This article is more than 1 year old
So you want to build the next Google. Who ya gonna call? Er, Big Blue?
IBM's cluster scheduler kicks OpenStack's Nova in teeth, eyes VMware
Analysis IBM has announced a new version of its Platform Resource Scheduler (PRS), which lines up jobs and resources in mammoth OpenStack Havana environments.
In doing so, Big Blue hopes to give enterprises a shot at achieving the same levels of efficiency as Google's highly tuned servers.
Though the tech competes against VMware's Distributed Resource Scheduler, it could become a credible general-purpose job scheduler to rival Google's secretive Borg and Omega systems, and the Apache Mesos project.
A resource scheduler and workload placer is a system that takes jobs, and figures out when to run them and where to run them to maximize IT utilization. It must also leave some spare capacity, rather than consume all the available infrastructure, to ensure there's redundancy to pick up from any failures. And it must hit its deadlines.
Google's Borg system is rumored to have been so good at this task juggling act that it saved the ad-slinger from building an entire data center.
IBM's resource scheduling tech is designed as a drop-in replacement for the scheduler within the Nova component of the open-source cloud manager OpenStack. Nova makes scheduling decisions according to information it stores during its setup, and it selects jobs for compute nodes whose configurations match various filters.
PRS, by contrast, uses the distributed agent framework in Big Blue's Platform Computing products, which considers realtime "machine and hypervisor loads" among other information when making decisions. Thus, PRS can look at the available compute capacity in realtime and make ongoing judgements when placing workloads. It can shift things around as needed using the underlying hypervisor's live migration ability.
"This means that as workloads and resources evolve, workload placement is automatically re-balanced," IBM marketing chap Gord Sissons told The Reg via email.
"The key benefits are: better quality of service in terms of performance and availability, because hypervisors are less likely to be over-subscribed; better utilization, since [virtual machines] can be packed more optimally while respecting service level requirements; and reduced administrator workload, since the re-balancing is automated.
"This is important as OpenStack environments get large. The real 'intellectual property' in the offering is in the pre-configured policies - the idea is that a cloud administrator can simply specify a policy like 'load balancing' or 'packing', and the scheduler will automatically seek to achieve the goal of the policy."

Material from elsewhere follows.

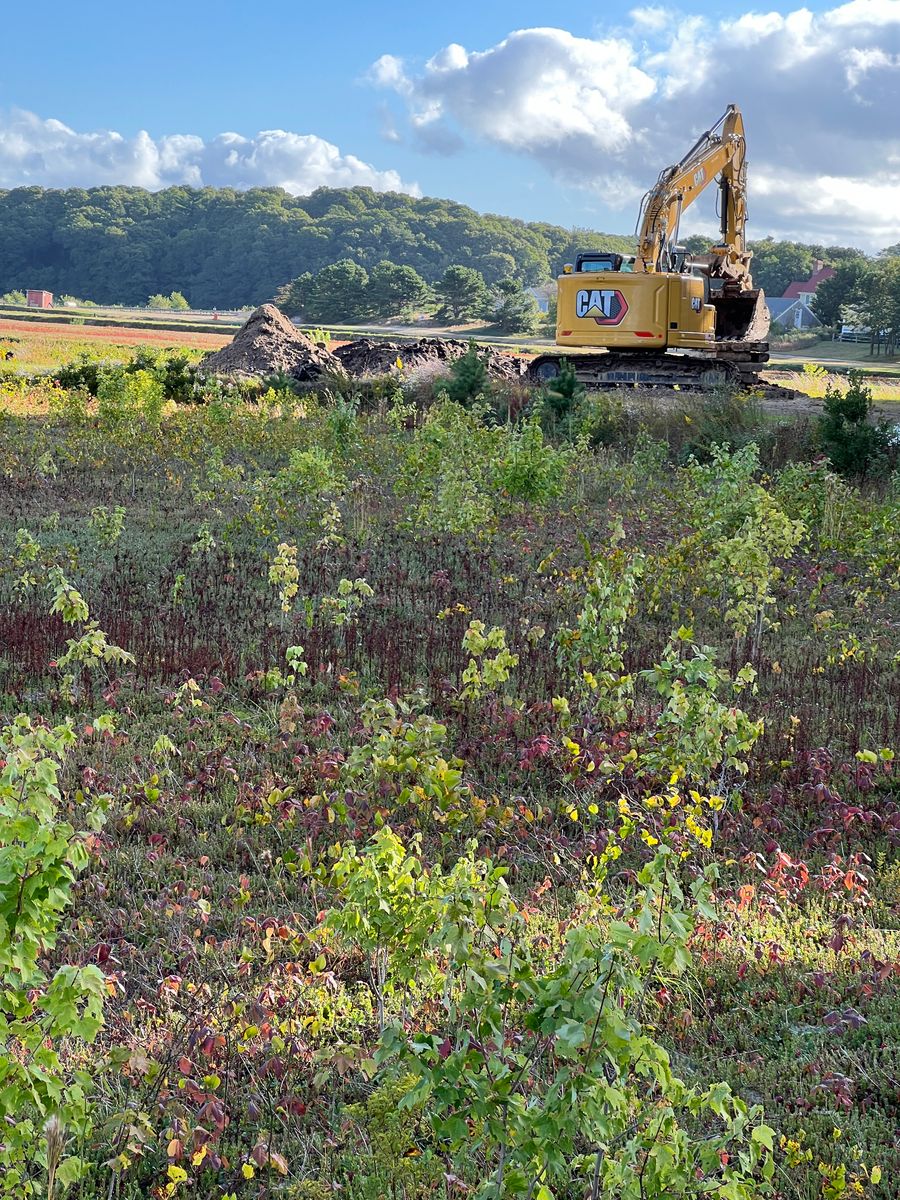 Excavating Pond at CSA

It'll babysit your 50,000 cores. If you can afford it
It's worth noting that this system is unlikely to have the capabilities of Google's Omega system, which is believed to draw on CPU-core-level telemetry from a system named CPI2, along with other Chocolate Factory innovations.
However, by drawing on other IBM technology such as Platform Symphony, it is able to gain some advanced abilities, such as the aforementioned distributed agent-based scheduling, which (we're told) lets IBM's tech "opportunistically 'borrow' resources not in use by different tenants - loaning, borrowing and pre-emption policies are specified in flexible resource sharing plans that can vary with time."
The whole system can also sit on top of IBM's well-regarded General Parallel File System, which gives it some capabilities more advanced than the main open-source equivalent, the Hadoop Distributed File System. Google is likely to field its own tech in this arena, but has published very little on it.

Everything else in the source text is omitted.